В Находке, в пересыльном лагере, я был более двух месяцев. В конце сентября спать на голой земле было уже невозможно. Не знаю, как я не свалился, не схватил пневмонию, но уже на подступе было отчаяние, и я вспоминал слова шведских евангелистов, которые провожали меня с молитвой к Всевышнему, чтобы дал мне сил и терпения вынести все, что судьба ни пошлет. Да, я был весь само терпение, и, может, это меня спасло.

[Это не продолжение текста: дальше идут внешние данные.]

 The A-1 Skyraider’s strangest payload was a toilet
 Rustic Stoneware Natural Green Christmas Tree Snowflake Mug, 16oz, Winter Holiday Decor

На Чукотку отправляли этапом сравнительно небольшую партию заключенных — человек пятьсот или шестьсот. Слухи ходили, что отбирают только механизаторов. Я к такой категории не относился, в формуляре значился резчиком по дереву. И вдруг слышу, мою фамилию вызывают на этап. Поначалу подумал, что ослышался, но вызов повторился, сомнений не было, побежал к столу, где находились представители Чукотстроя. Спрашивают имя-отчество. 'Иван Трифонович!' Слышу: 'Какое совпадение! Поэт Твардовский ведь тоже 'Трифонович'? — Посмотрели на меня: 'Да, чего только не встречается на свете!' Продолжили: 'Статья?' — '58 (б)' — «Срок» — 'Десять лет'. — 'Проходи!'
Вот так я оказался в этапе на Чукотку.
Нас посадили в трюм «Миклухо-Маклая», где были двухэтажные нары. После того как отчалили от пирса, было разрешено свободно подниматься на палубу, где для заключенных был туалет. Но поднимались на палубу не только и не столько 'по нужде', как ради того, чтобы взглянуть окрест, когда «Миклухо-Маклай» оставлял берега Большой земли. Было ясно, что увозили нас надолго, что впереди полная неизвестность, и может быть, кому-то из нас уже никогда не возвратиться оттуда.